Prepare the Milk: Dissolve the citric acid in 1/2 cup of water, then add it to the milk in a large pot. Heat the mixture slowly on medium while gently stirring until the milk reaches 90°F (32°C).
Add the Rennet: Dissolve the liquid rennet in the remaining 1/2 cup of water, then add it to the milk. Stir gently for about 30 seconds, and then let the milk sit undisturbed for 5 minutes. You’ll notice the milk starting to curdle.
Cut the Curd: Once the milk has set, use a knife to cut the curd into cubes, creating a grid pattern.
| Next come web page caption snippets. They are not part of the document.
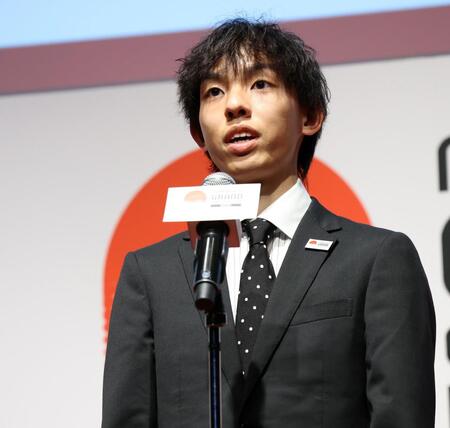 ＭＧＣシリーズ２０２５-２６アワード受賞式でスピーチする黒田朝日（撮影・伊藤笙子）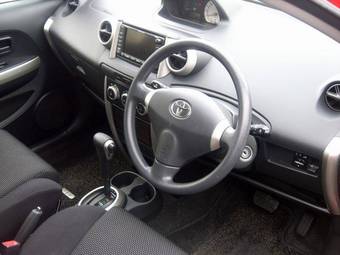 2002 Toyota ist Pictures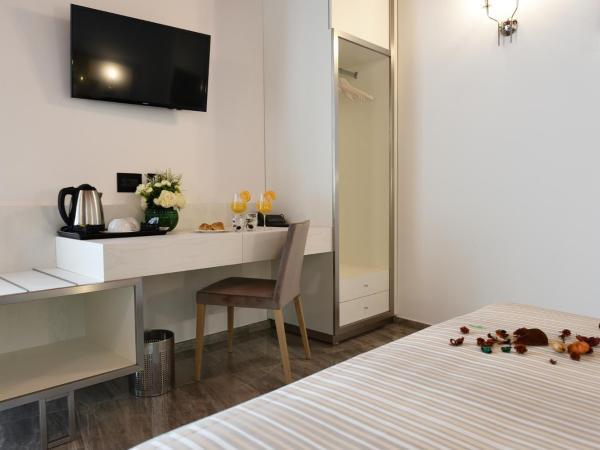 Best Western Hotel Principe di Lampedusa : photo 5 de la chambre  chambre double de luxe avec balcon - vue sur ville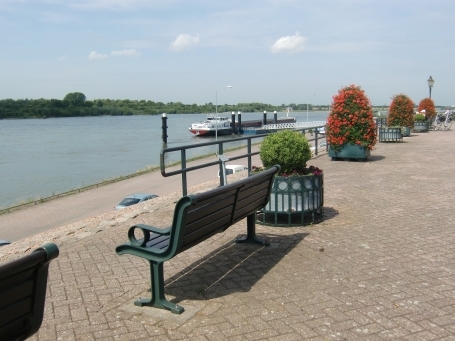 Tolkamer : Von der Europakade bietet sich eine gute Aussicht über den Rhein, den täglich fünf- bis sechshundert Schiffe passieren.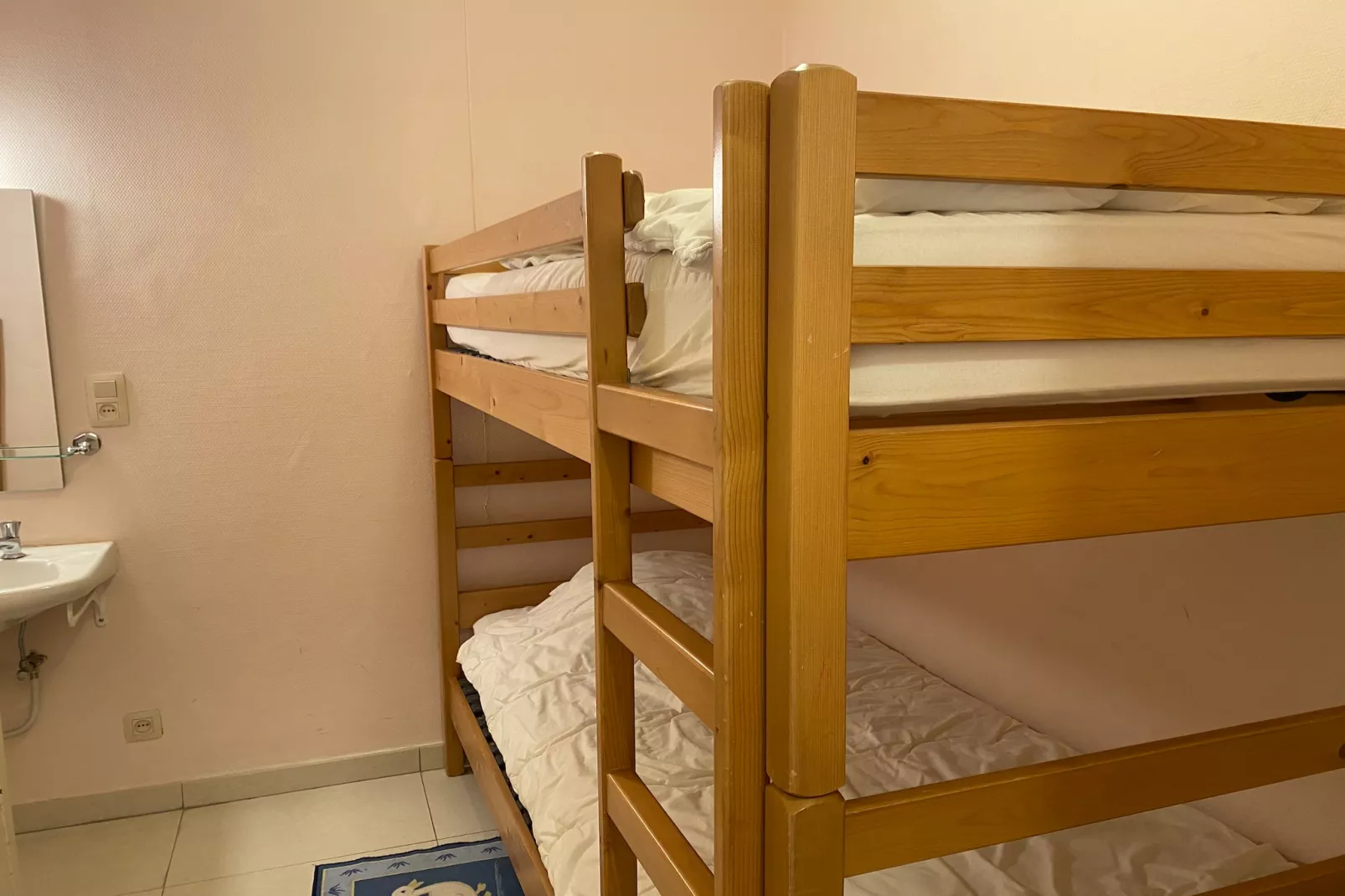 ECLAIRCIE 501-Bedroom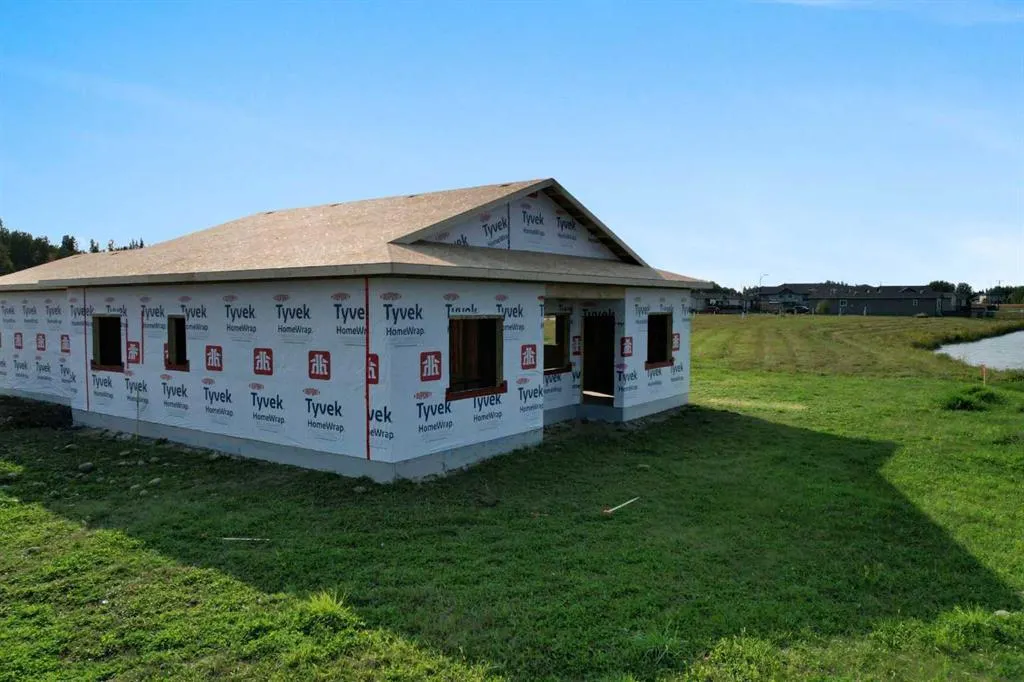 54 Lakeview Place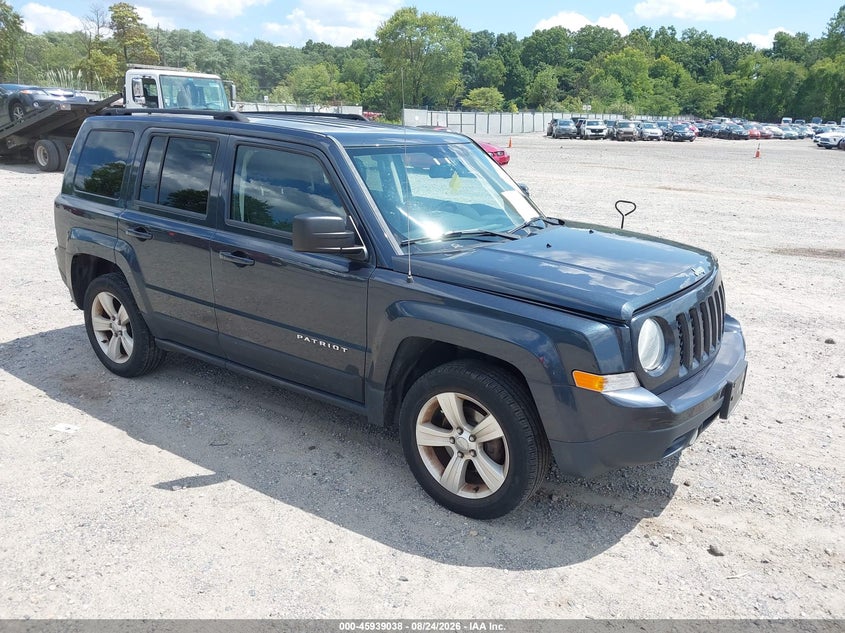 Photo of the 2015 JEEP PATRIOT LATITUDE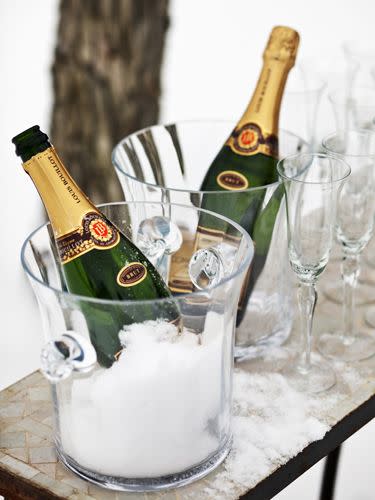 <p>Don't throw away sparkling wine or champagne that's gone flat. Restore the bubbles by dropping a raisin or two into the bottle. The natural sugars will work magic.</p>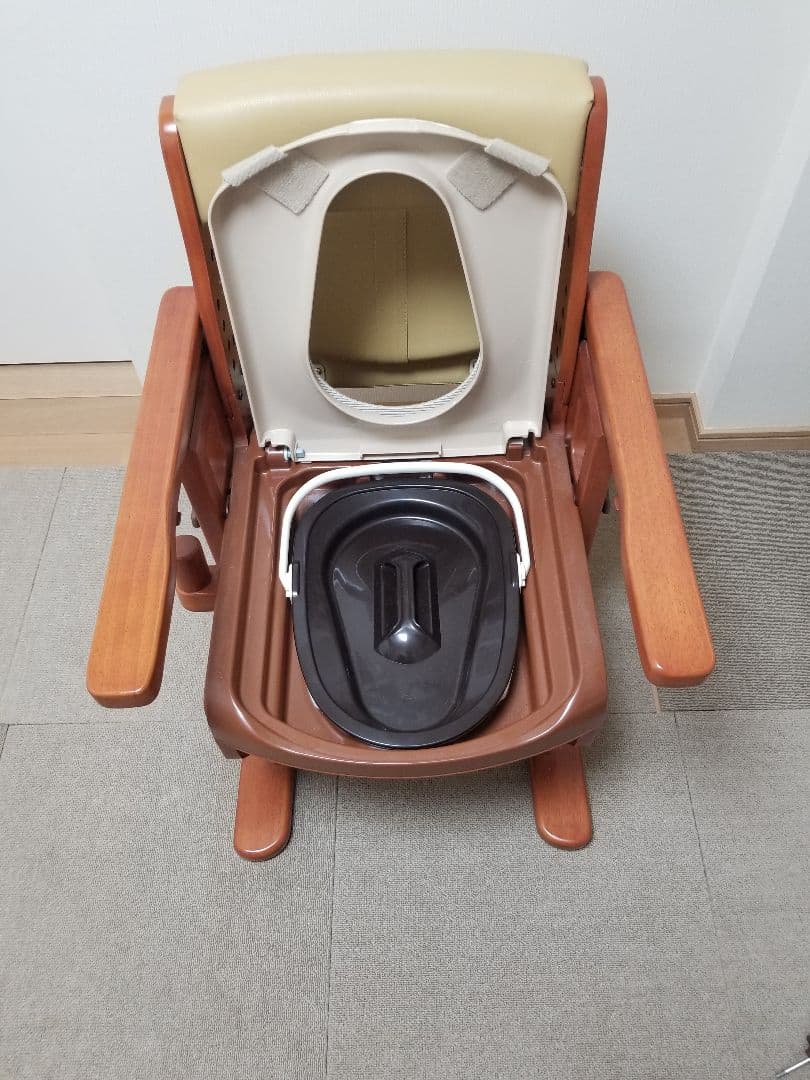 家具調介護用トイレ付きチェア　セレクトR 肘掛けノーマル標準便座　値引き交渉可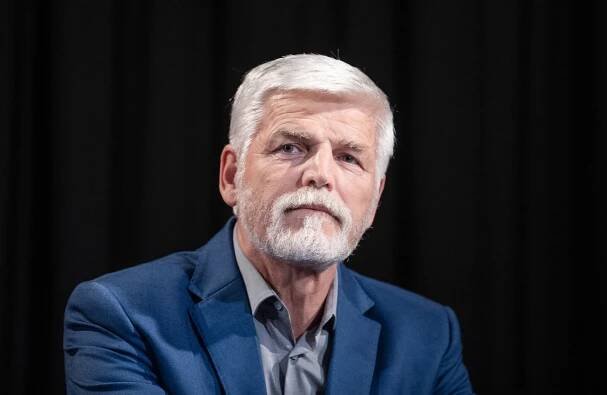 Obrazem: „Průzkumy jsou jedna věc, volby druhá.“ Kdo je tady prezident?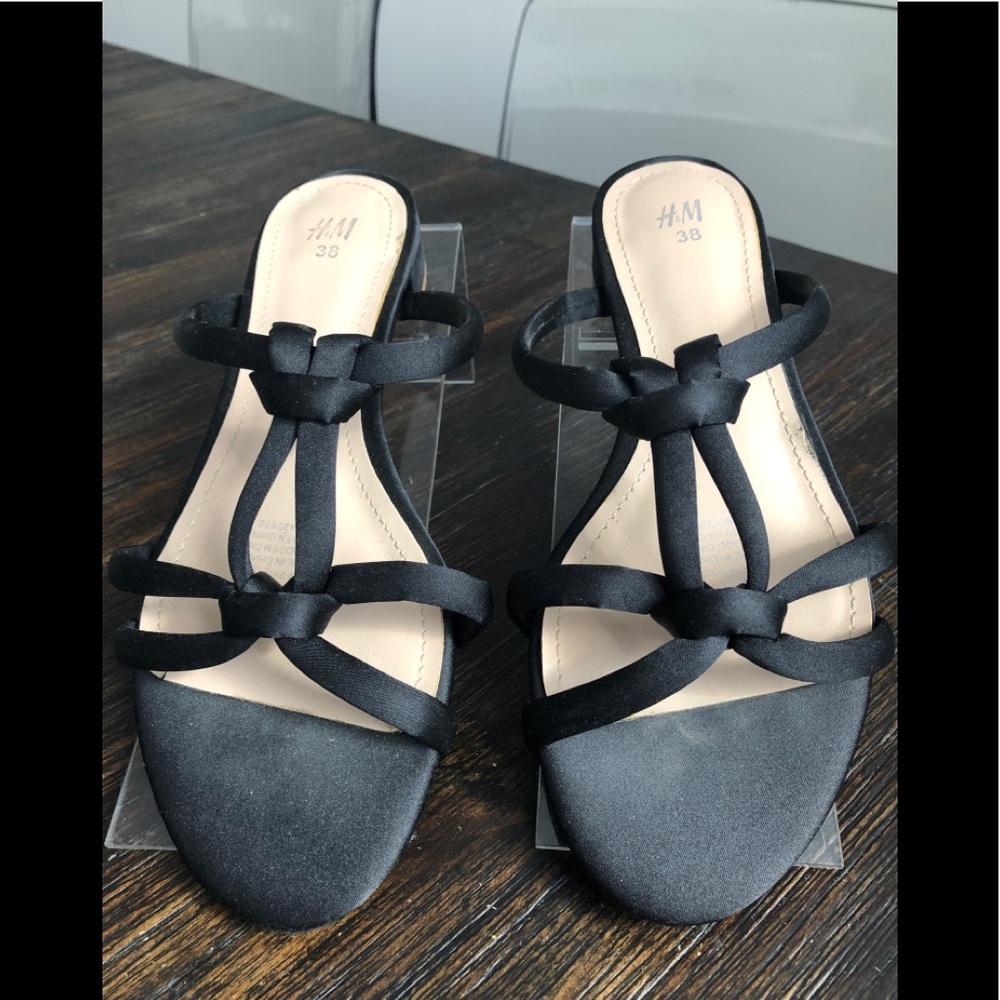 H&M Sandals Strappy Dressy Flats Comfort Black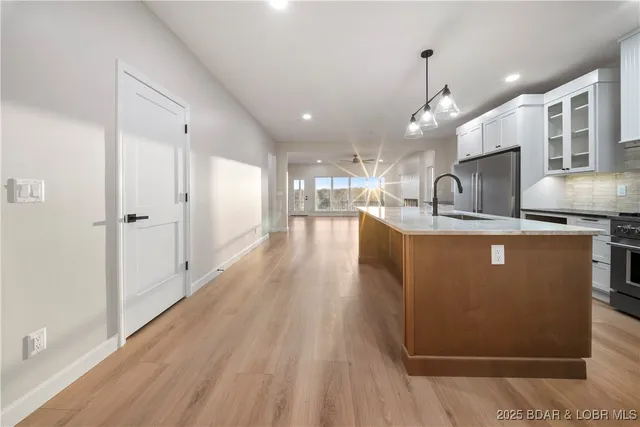 $875,000 | 422 Outer Drive, Lake Ozark, MO 65049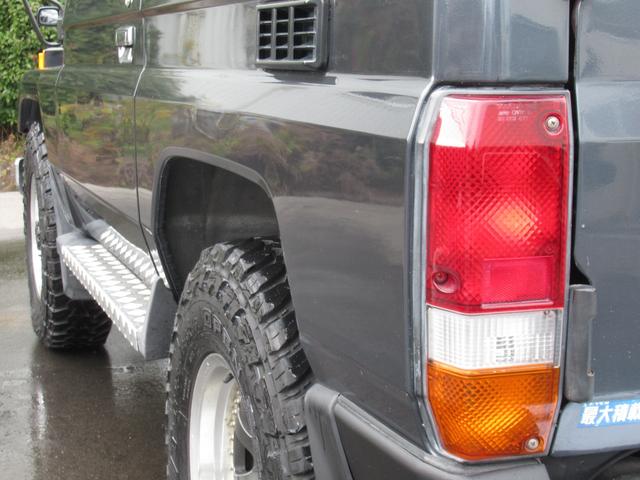 ランドクルーザー70 LXショートナローボディー 5速マニュアル 前後リーフ型 フェンダーミラー メッキバンパー 社外16インチアルミホイール トーヨーオープンカントリーM/Tタイヤ 純正グレー色(12枚目)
Cook the Curd: Gradually heat the curds to 105°F (40°C), gently moving them around. You’ll see the curds begin to come together and separate from the whey.
Shape the Mozzarella: Using a slotted spoon, transfer the curds to a bowl. Sprinkle in the kosher salt and then fold and stretch the curds until they form a smooth, elastic ball of mozzarella.
Cool Down: Place your freshly made mozzarella into a bowl of ice water to set its shape and cool it down.
Enjoy Your Creation
Congratulations! Your homemade mozzarella is now ready to be enjoyed. Enhance your culinary adventures by slicing it over a fresh tomato and basil salad, melting it onto your favorite pizza, or relishing it as is with a sprinkle of salt and a drizzle of olive oil. Creating your own cheese not only brings a sense of fulfillment but also adds a personal touch to your meals that no store-bought product can replicate. So, don your apron, and let’s make some delicious mozzarella cheese right in your kitchen.